PI Original Micah Maidenberg Friday November 5th, 2010, 3:06pm

CTU: An Educator, Not An Executive, Needed Atop CPS

CPS chief Ron Huberman is leaving. So is Chicago Mayor Richard Daley. A new administration is aggressively positioning the teachers' union. What does it all mean for the next leader of the nation's third-largest school district?

The past few leaders of Chicago Public Schools have not been called superintendent nor director nor president -- they've been called chief executive officer. It's a title that suggests a particular kind of approach to operating the nation's third-largest school district and one that signals to the city's business elite that their ideas for school reform will get a hearing.

And get a hearing those ideas have. The Commercial Club of Chicago's Civic Committee helped set the framework (PDF) in 2003 for Mayor Richard Daley's Renaissance 2010 program, an attempt to restructure CPS by shuttering low-performing schools and replacing them with charter schools or giving them over to be run by outside operators. Business groups and foundations followed up by investing millions to support Renaissance 2010 institutions. While the school closing process has often been wrenching for communities that see schools on the close-list as local anchors, the effort has yet to produce the kind of whole-cloth changes its most ardent advocates have foreseen.

Three studies released in the summer of 2009 illustrate the point. An examination of charter schools in Illinois (not just in Chicago) undertaken as part of a major national study found they produced decidedly mixed results (PDF) for students. The Consortium on Chicago School Research found (PDF) Renaissance 2010 high schools improved academic cultures and attendance but saw less in the way of increased student achievement. And The Commercial Club's Civic Committee's own "Still Left Behind" (PDF) report showed that dropout rates at CPS remained high, students were left unprepared, and gains on standardized testing results were mainly the result of changes to the tests themselves. The Civic Committee's document was particularly scathing, given that it came from an organization that has gotten much of what it wanted from CPS's chief executives and Mayor Daley. The report, unsurprisingly, recommended more charters and contract schools as a solution.

With this recent history hovering in the background, school reform at CPS appears to be at a crossroads.

Consider: CPS's current chief, Ron Huberman, is leaving his post at the end of the month. Mayor Daley's tenure at City Hall ends next spring. And CPS's rank-and-file instructors empowered a new administration at the Chicago Teachers Union that is aggressively entering the local educational and political fray.

CTU, led by President Karen Lewis, a former chemistry teacher, has fought layoffs on the streets and in federal court. Lewis demanded that tax increment financing dollars held by the City of Chicago flow back to CPS to support education. CTU has reached out to community allies, backing the parents who occupied the Whittier Elementary field house and calling for a "Marshall Plan" to invigorate neighborhood schools. Lewis has said she'll fight the expansion of charters and standardized testing.

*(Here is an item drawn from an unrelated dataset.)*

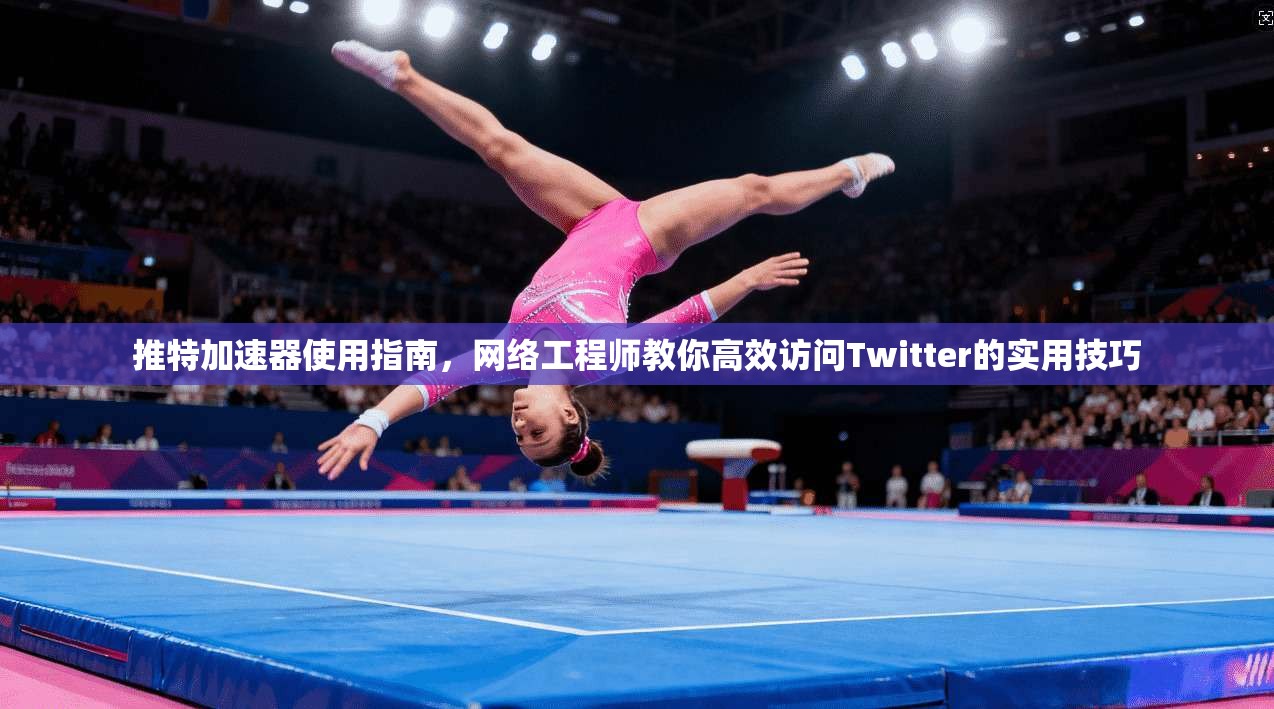 推特加速器使用指南，网络工程师教你高效访问Twitter的实用技巧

Another piece of the alternative platform CTU seems to be articulating came out yesterday at a press conference in City Hall. Lewis -- joined by allies from groups like the Raise Your Hand Coalition, Action Now, the Kenwood-Oakland Community Organization, and others -- demanded the next leader of CPS have an educational background. She called for forming a "true blue-ribbon panel" that would oversee a search to find someone "who knows something about learning." Here's a clip from the press conference:

Later, other advocates demanded a leader who will not see children as data nor will be chosen to satisfy the members of Chicago's executives:

Asked about finding an educator for CPS later yesterday, Daley shot down the idea. He said he'll find someone to takeover CPS quickly -- and that someone will have a business background. "The CEO is always more of a business person," the Tribune reported Daley as saying. "Then you have a CEO for operations and a CEO for education. We put that together."

One of the possible implications of appointing an educator to lead CPS is she or he may prove more skeptical to the Renaissance 2010-style reforms that have restructured CPS over the last few years. (That, of course, depends on who the educator is.) At very least, the call yesterday for an educator leading a school district hints at unease with the direction of Chicago school reform.

Though Daley will make the pick for CPS before he leaves office, this key personnel decision and broader education issue will ultimately fall to the city's next mayor. Expect CPS and its direction to be a banner issue in the mayoral campaign. Rahm Emanuel has already talked about mimicking the federal "Race to the Top" program here. Another candidate, Gery Chico, was once head of the Board of Education for Daley. State Sen. James Meeks, meanwhile, has fought for equitable school funding during his time in the General Assembly and pushed for a voucher program, the latter putting him at loggerheads with teachers unions.

With their call for an educator atop CPS yesterday, CTU continues to promote a different vision for the more than 400,000 student-strong public school system in Chicago. There no doubt that CPS must be reformed and improved, but how it makes those changes -- and whether a chief executive officer or schools' superintendent is the one leading it -- is a story yet to be told. Especially in this moment, when so much is up in the air.